Strengths and limitations of the study
Our study has several strengths. First, it is a prospective cohort study that overcomes the limitations of cross-sectional studies, such as the issue of temporality. Second, we used Firth's regression model to analyze the data. This model, which is a Penalized Maximum Likelihood (PML) logistic regression, can provide unbiased estimates even in the presence of rare and unbalanced events. Third, we attempted to study multiple variables to control for confounding and examine their effects simultaneously. Finally, the data were collected by experienced experts, and two internal specialists confirmed cases of HTN.

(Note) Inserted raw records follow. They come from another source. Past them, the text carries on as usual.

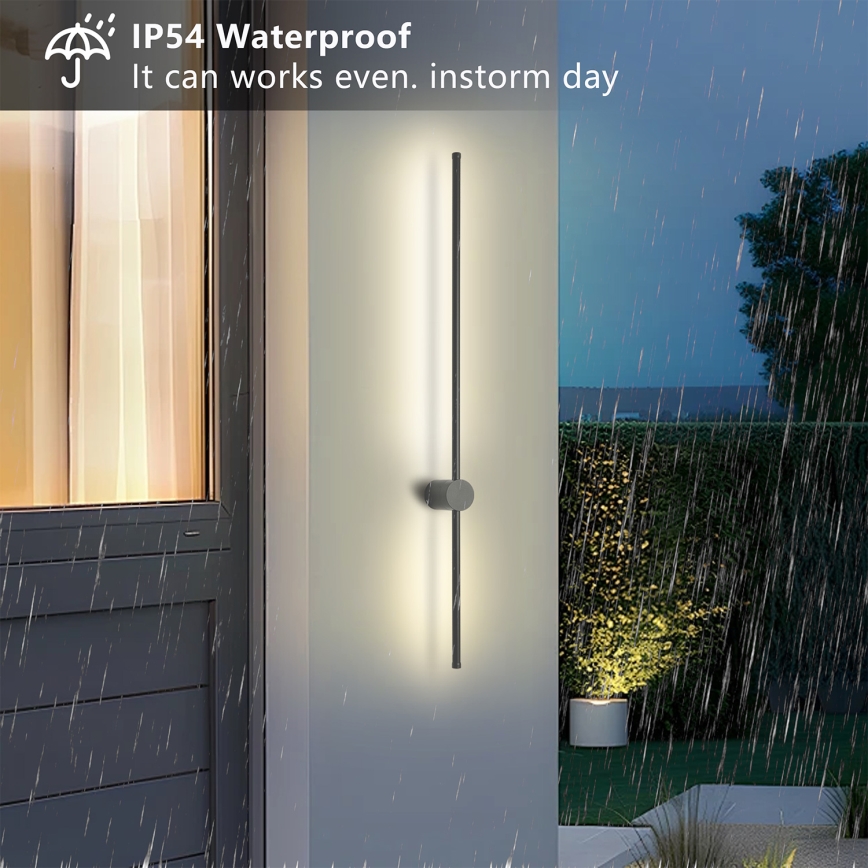 Brilagi - Aplique de pared LED para exterior AURA LED/20W/230V 4000K IP54 97 cm antracita CRI 90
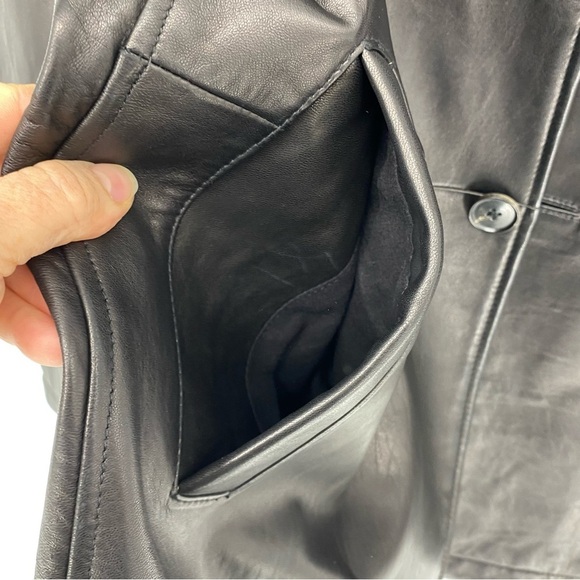 Andrew Marc Men's Black Leather Button Front Blazer Jacket Coat XL - Picture 5 of 16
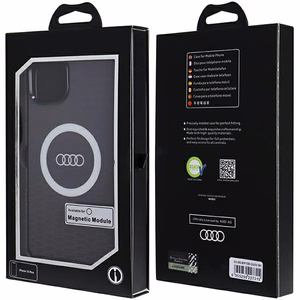 Audi IML Magnētiskais apvalks viedtālrunim iPhone 15 Plus/14 Plus ar lielu logotipu - melns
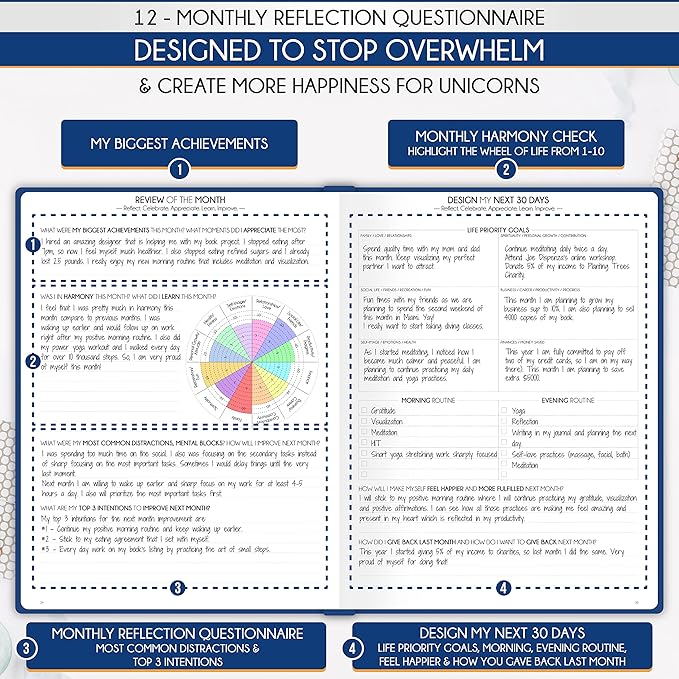 Life Planner - Undated Daily, Weekly & Monthly Planner with Budget Section | A 12 Month Journey to Increase Productivity & Happiness | Life Organizer & Gratitude Journal - Horizontal Format-DeskLoop Office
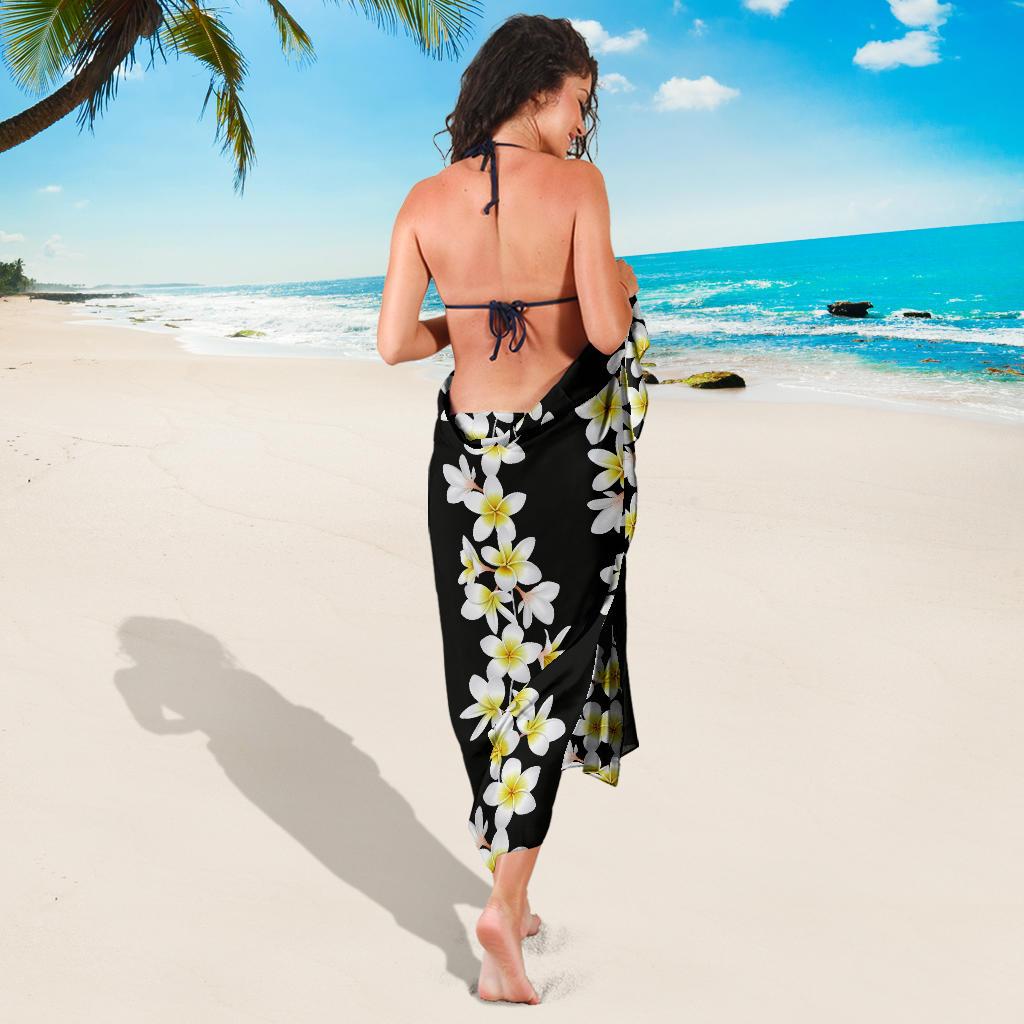 White Plumeria Pattern Print Design PM08 Sarong Pareo Wrap-JORJUNE.COM
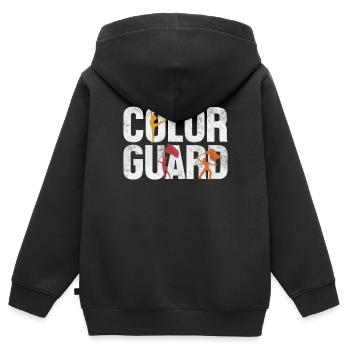 Garde de couleur mi-temps spectacle drapeau spinners drôle - Sweat Premium à capuche zippé enfant bio - noir - Dos - AI Model Kid Male (0cm)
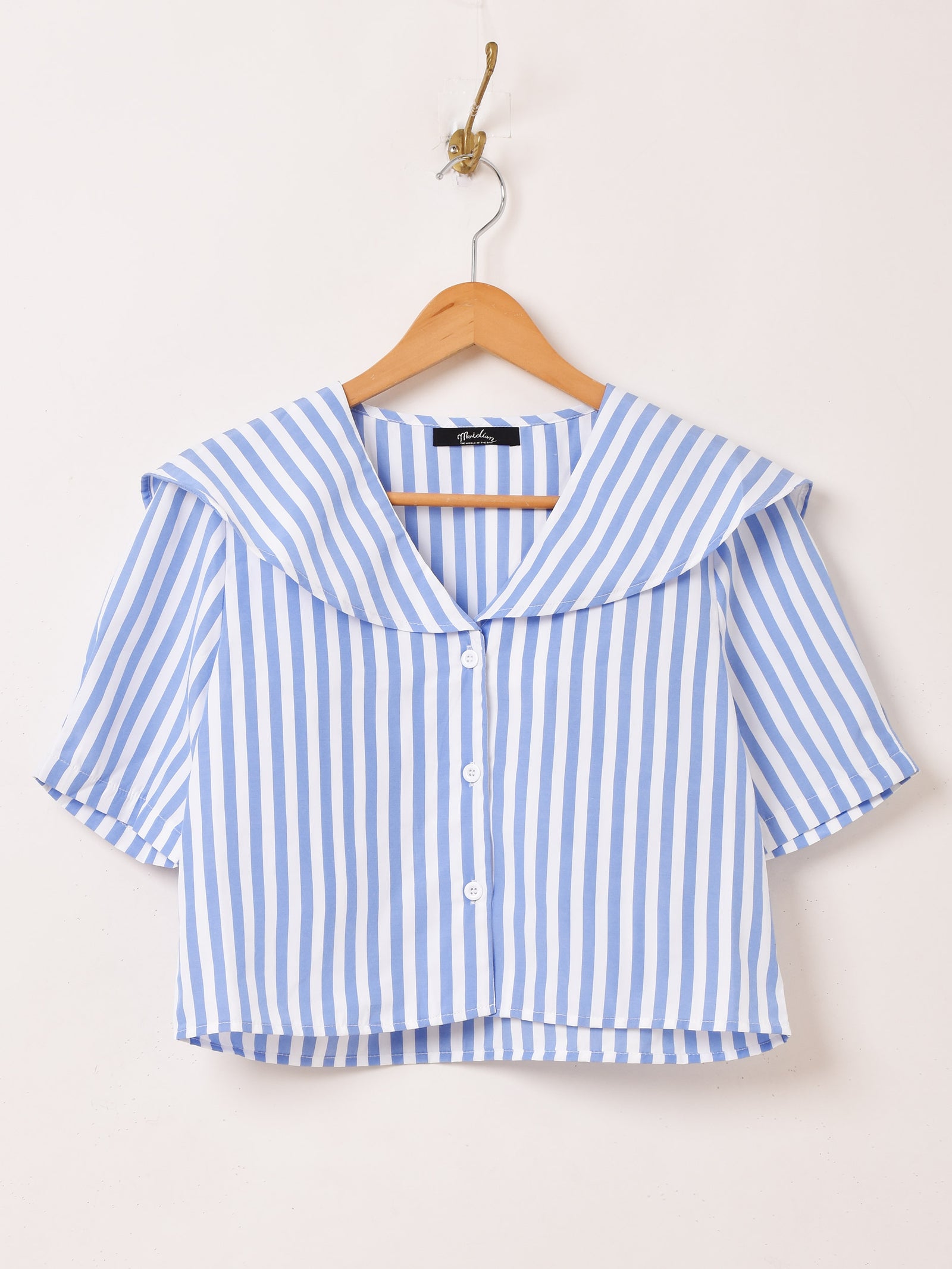 ファミリア　セーラー襟　ストライプ　半袖シャツ　トップス　90cm ファミリア セーラー襟 ストライプ 半袖シャツ トップス 90cm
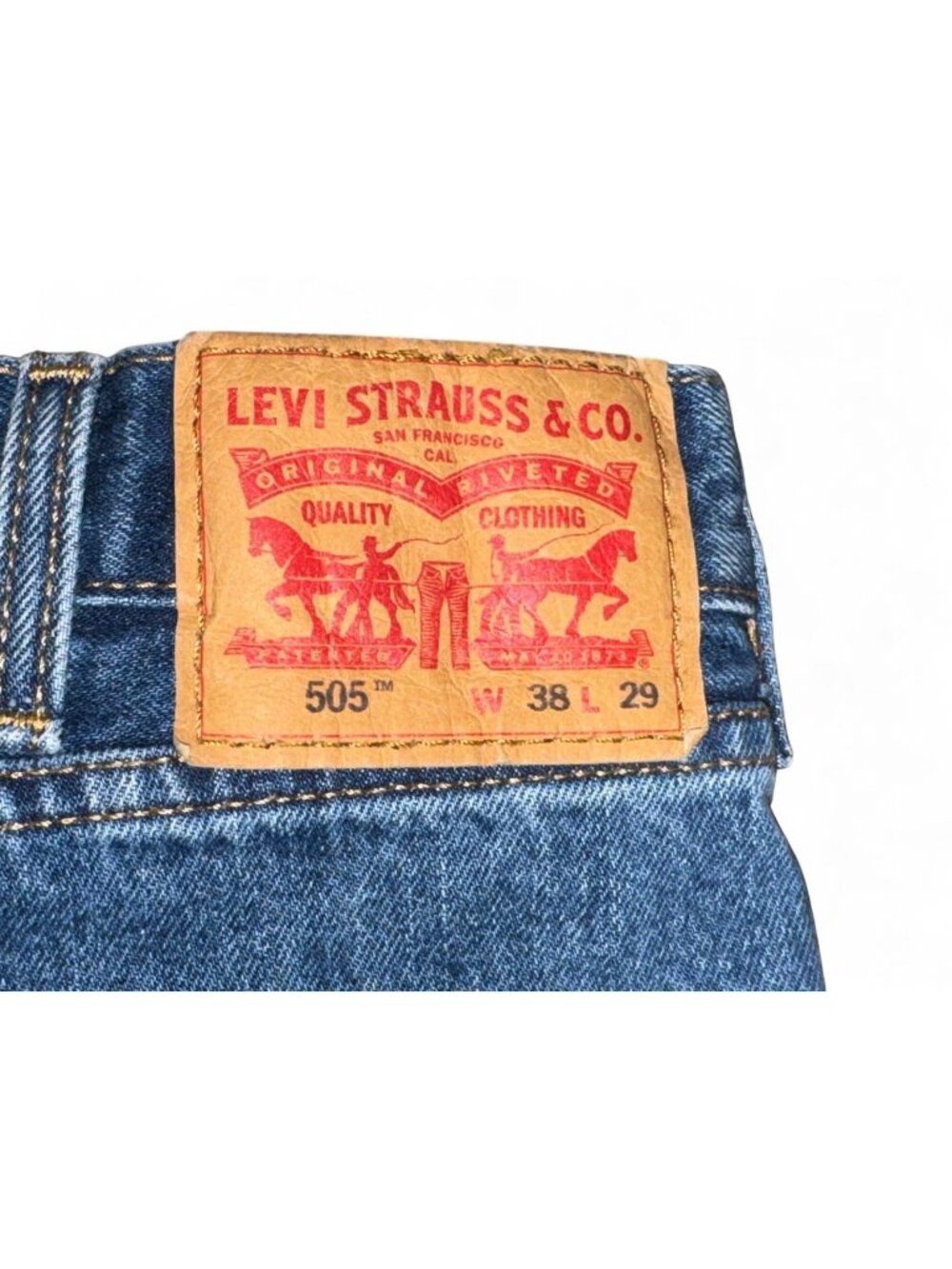 Vintage Levis 505 Jeans Mens 38x29 Blue Regular Straight Leg Denim Normal Dad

However, our study also has some limitations. Firstly, due to the stigma associated with drug and alcohol use in Iran, participants may have concealed their behaviors, potentially causing bias. Secondly, we were unable to examine the association between participants' diets and HTN, as we did not have access to this information. Thirdly, we could not determine the roles of genetic, racial, and ethnic backgrounds, as this information was not available.